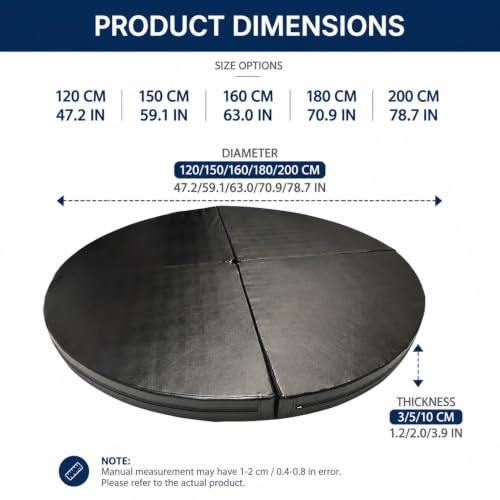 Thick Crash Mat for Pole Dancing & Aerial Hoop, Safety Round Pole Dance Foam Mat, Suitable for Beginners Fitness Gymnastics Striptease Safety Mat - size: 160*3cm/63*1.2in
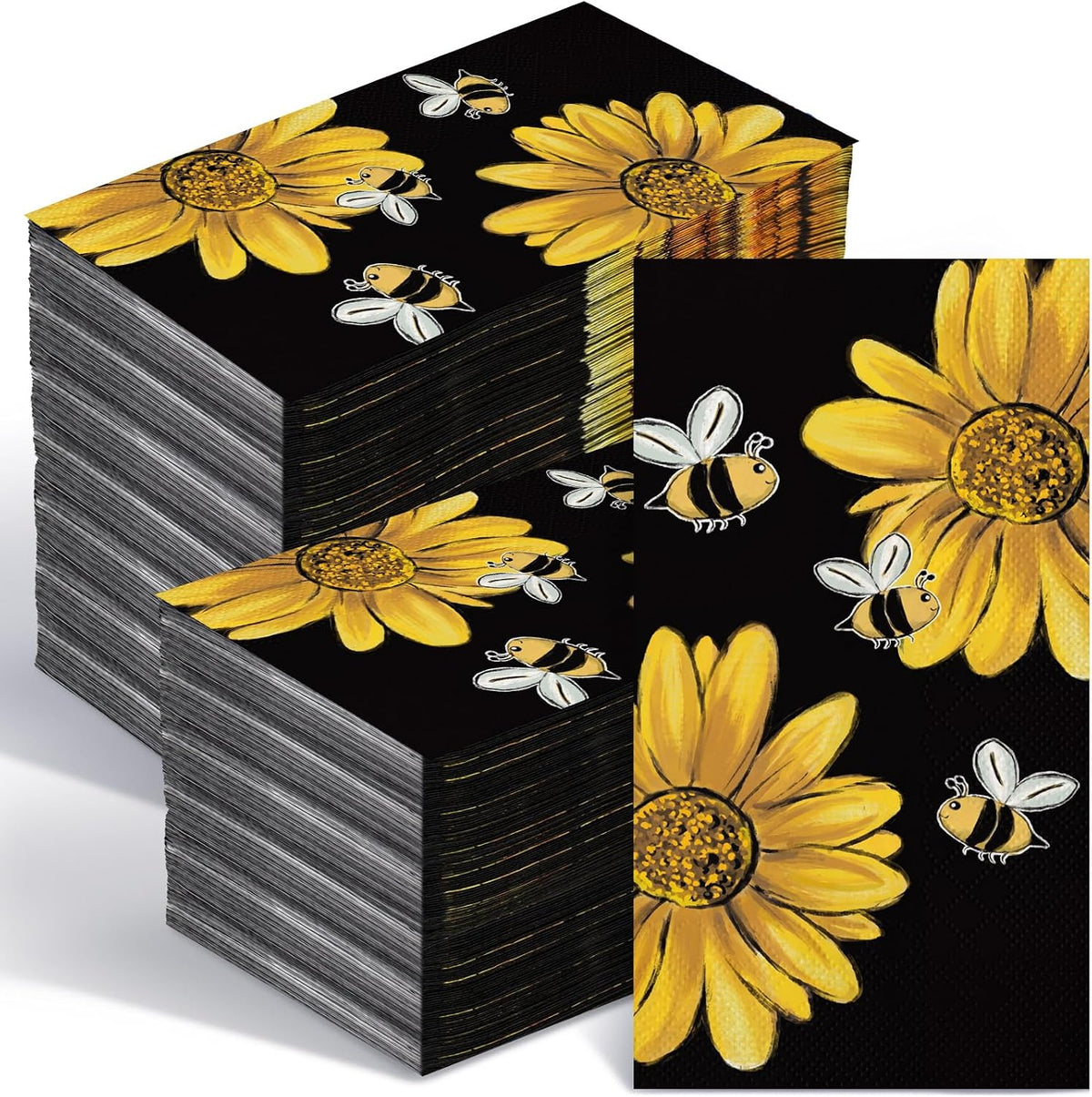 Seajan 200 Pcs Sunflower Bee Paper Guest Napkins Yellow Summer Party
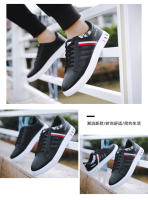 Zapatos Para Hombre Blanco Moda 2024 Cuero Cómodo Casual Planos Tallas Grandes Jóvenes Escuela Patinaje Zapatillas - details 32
■ ■ ■
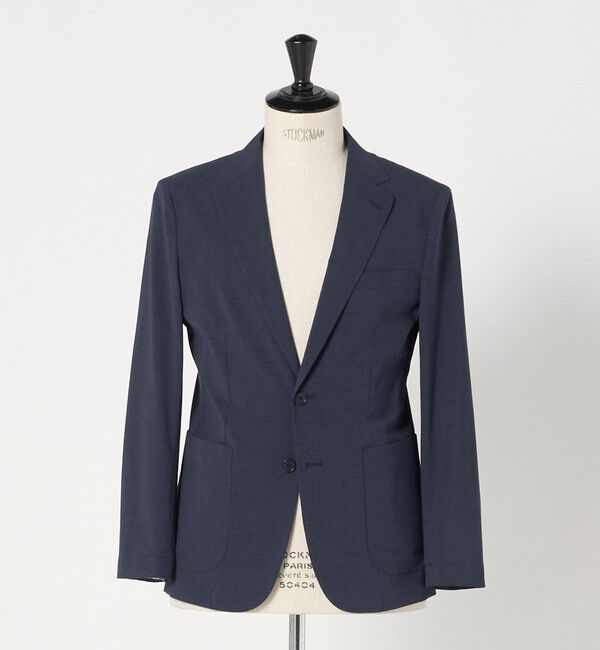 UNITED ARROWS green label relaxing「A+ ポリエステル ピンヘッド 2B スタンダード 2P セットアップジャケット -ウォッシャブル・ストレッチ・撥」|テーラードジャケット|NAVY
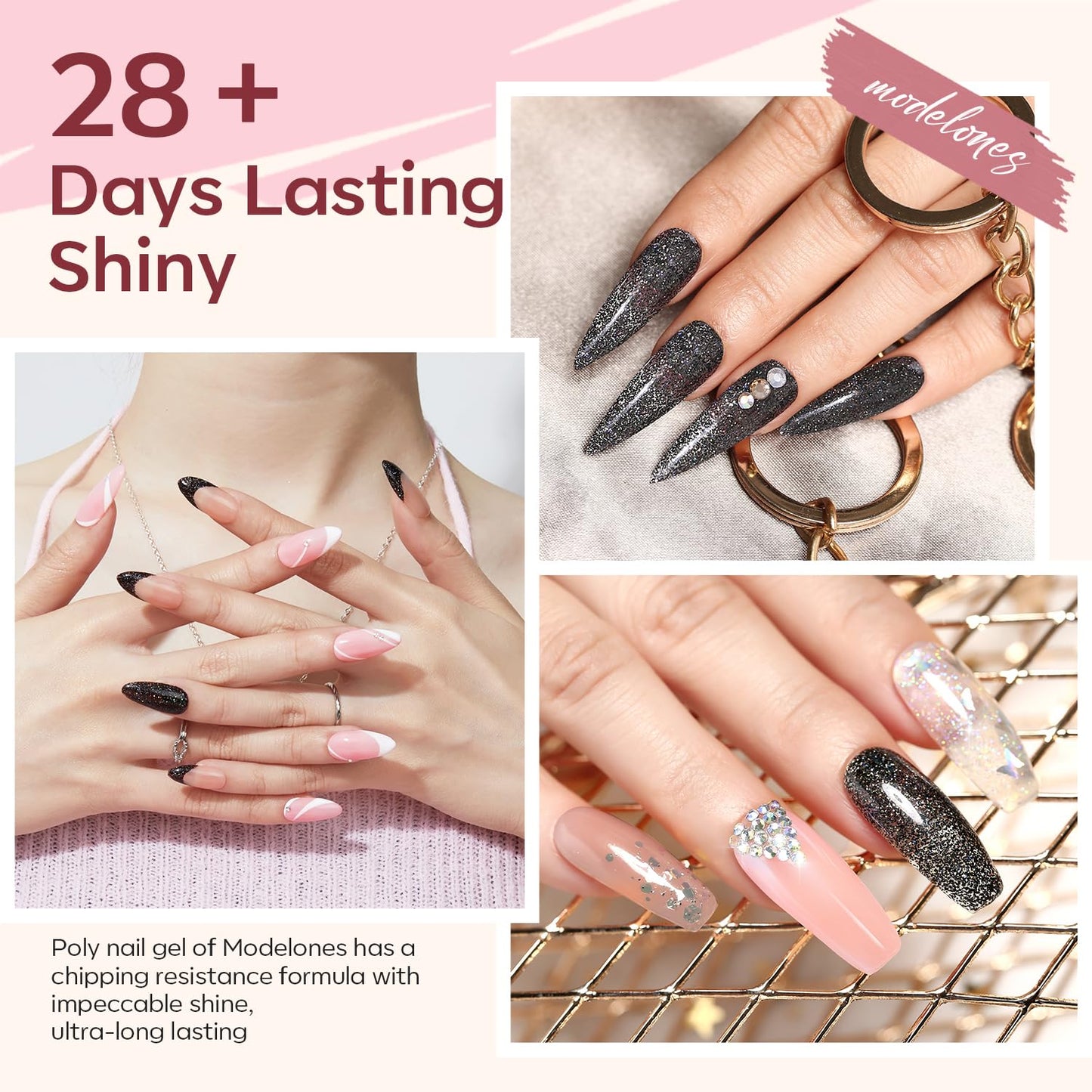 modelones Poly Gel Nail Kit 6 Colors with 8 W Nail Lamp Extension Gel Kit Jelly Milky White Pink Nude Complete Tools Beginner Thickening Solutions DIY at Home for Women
■ ■ ■
Task.
Repeat exactly the lines above, from the line that contains "Thick Crash Mat" down through the line that contains "Zapatos Para Hombre". Include both of those lines and none of the pictures.

Answer to this exercise.
 Thick Crash Mat for Pole Dancing & Aerial Hoop, Safety Round Pole Dance Foam Mat, Suitable for Beginners Fitness Gymnastics Striptease Safety Mat - size: 160*3cm/63*1.2in
 Seajan 200 Pcs Sunflower Bee Paper Guest Napkins Yellow Summer Party
 Zapatos Para Hombre Blanco Moda 2024 Cuero Cómodo Casual Planos Tallas Grandes Jóvenes Escuela Patinaje Zapatillas - details 32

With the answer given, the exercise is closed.